Exercise —
Leave out the pictures and repeat exactly the lines from the one containing "Staging Civil Rights: African" through the final line of the listing below.

Material provided —
=-=-=-=-=

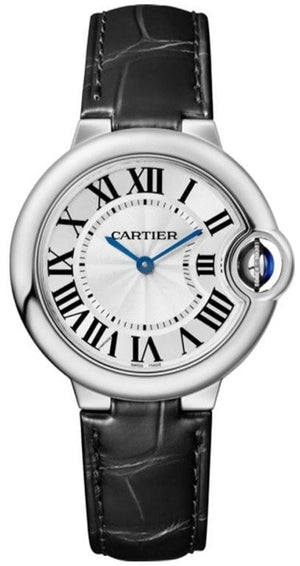  Shop Authentic Cartier Ballon Bleu De Cartier Silver Dial Black Leather Strap Watch for Women - WSBB0034 - Luxxuri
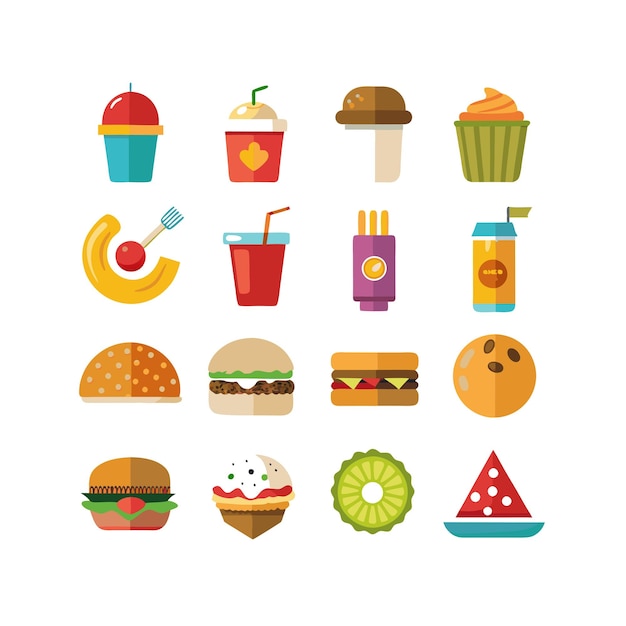Ilustración vectorial de iconos de alimentos y bebidas para documentos, sitios web y aplicaciones móviles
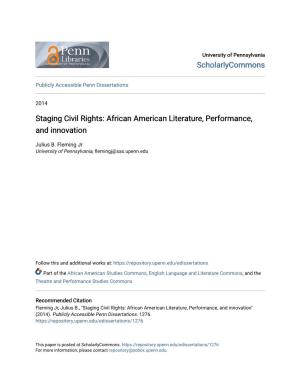 Staging Civil Rights: African American Literature, Performance, and Innovation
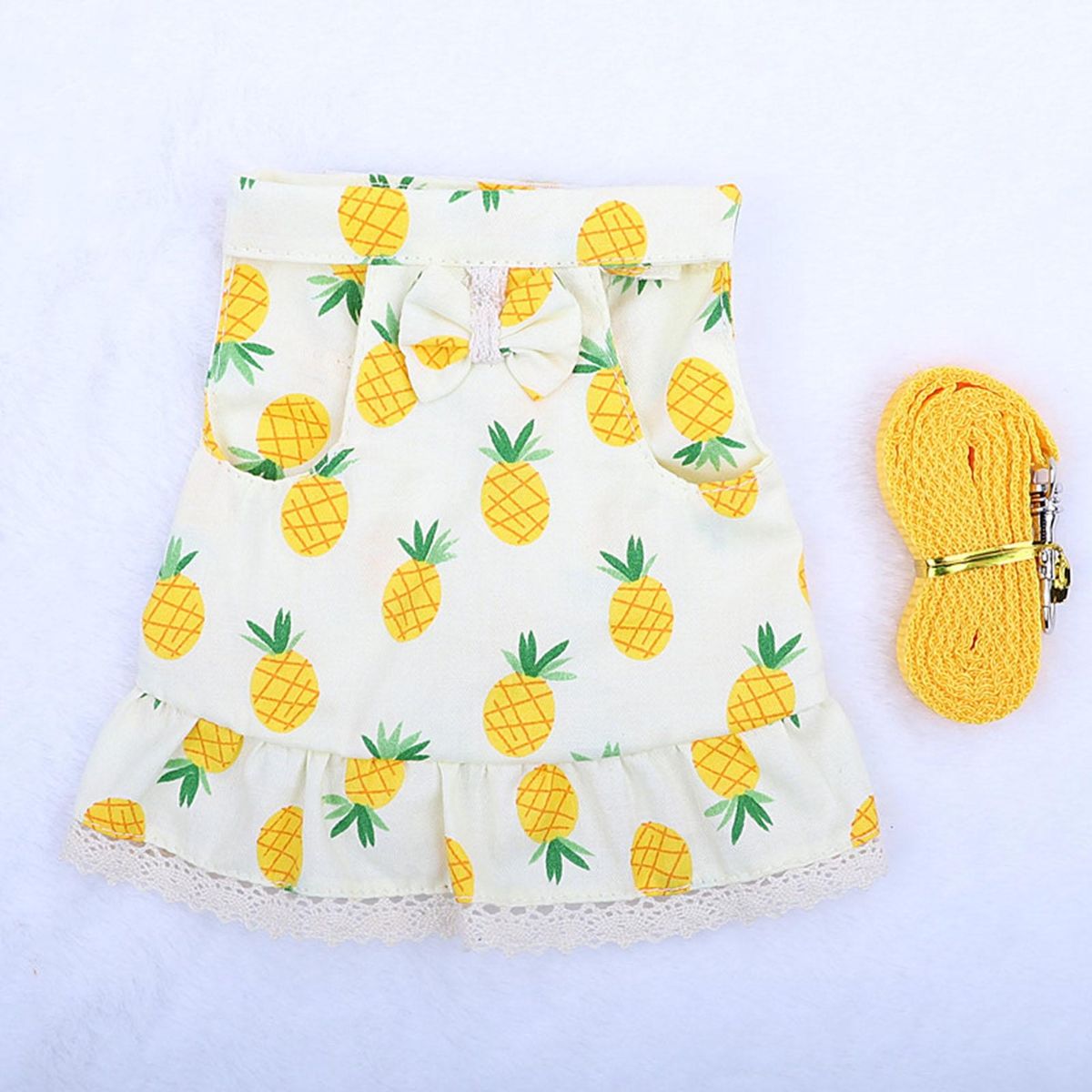 1 Set Rabbit Clothes Leash Pineapple Print Pet Rabbit Hamster Costume Leash Yellow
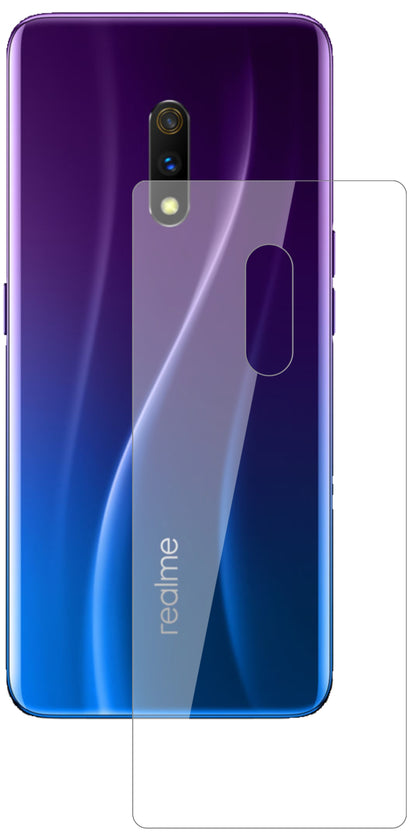 OppoRealme X Rückseite mit aufgebrachter dipos Flex Schutzfolie, glasklare Darstellung ohne Einschränkungen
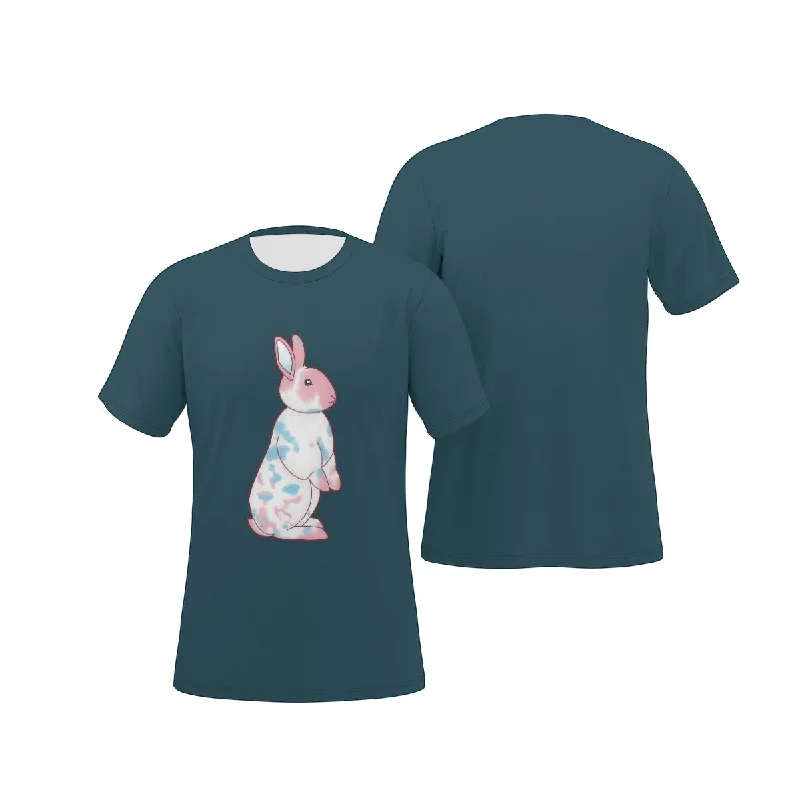 Transgender Nosy Neighbour Bunny with Peacock Background Relaxed Fit O-Neck T-Shirt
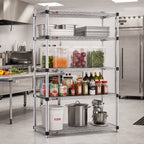 Thumbnail image #2 for Eagle Group Quad-Adjust F2QA2-74-2460C 4-Tier Chrome Wire Shelving Starter Unit, 60"W x 24"D x 74"H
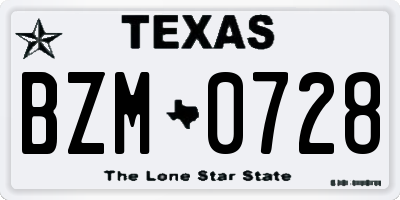 TX license plate BZM0728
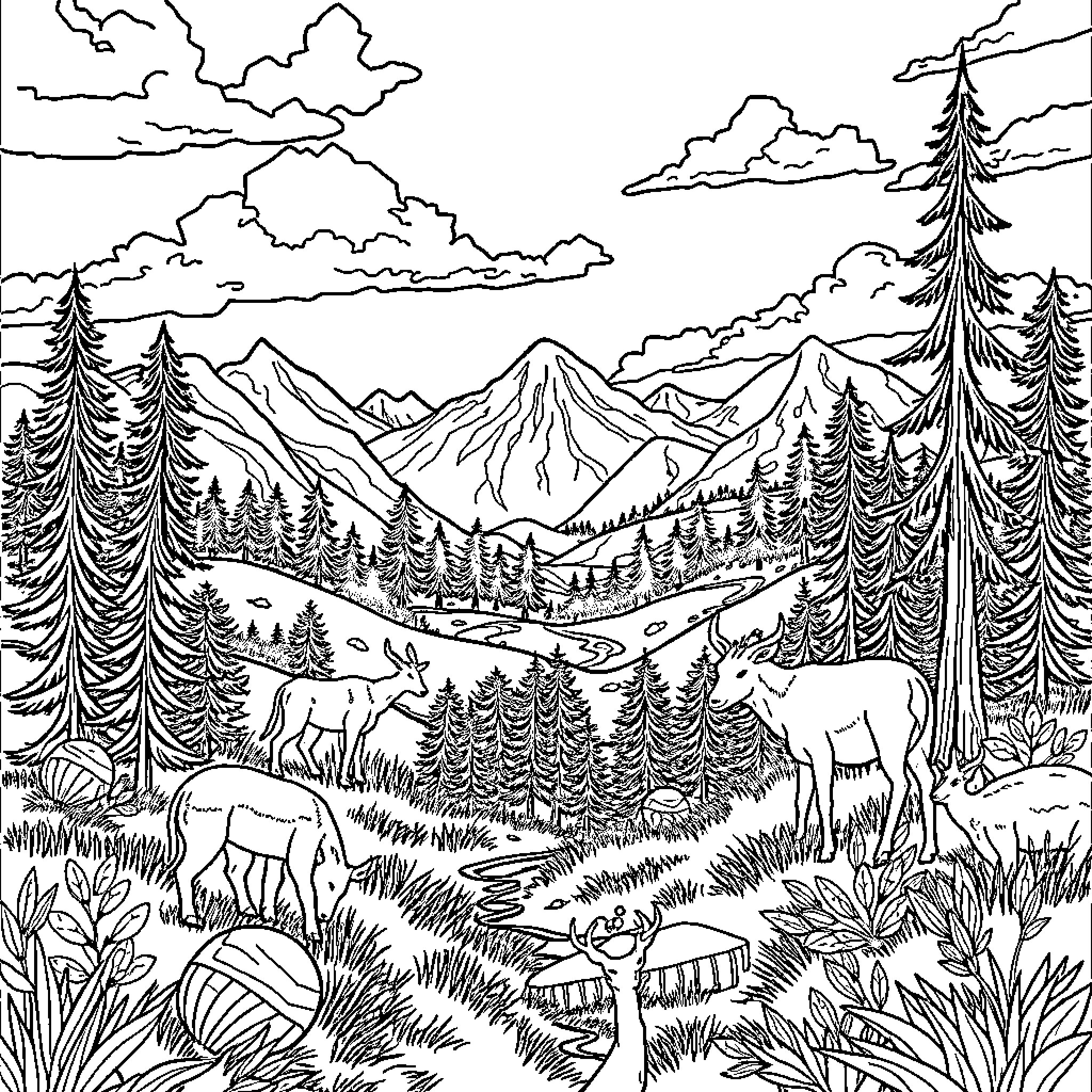 Huntrix Forest Landscape with Wildlife Coloring Page (free black-and-white line drawing printable PDF for all, from beginners to advanced learners, including children, teens, adults, and seniors)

=-=-=-=-=

Output below —
 Staging Civil Rights: African American Literature, Performance, and Innovation
 1 Set Rabbit Clothes Leash Pineapple Print Pet Rabbit Hamster Costume Leash Yellow
 OppoRealme X Rückseite mit aufgebrachter dipos Flex Schutzfolie, glasklare Darstellung ohne Einschränkungen
 Transgender Nosy Neighbour Bunny with Peacock Background Relaxed Fit O-Neck T-Shirt
 Thumbnail image #2 for Eagle Group Quad-Adjust F2QA2-74-2460C 4-Tier Chrome Wire Shelving Starter Unit, 60"W x 24"D x 74"H
 TX license plate BZM0728
 Huntrix Forest Landscape with Wildlife Coloring Page (free black-and-white line drawing printable PDF for all, from beginners to advanced learners, including children, teens, adults, and seniors)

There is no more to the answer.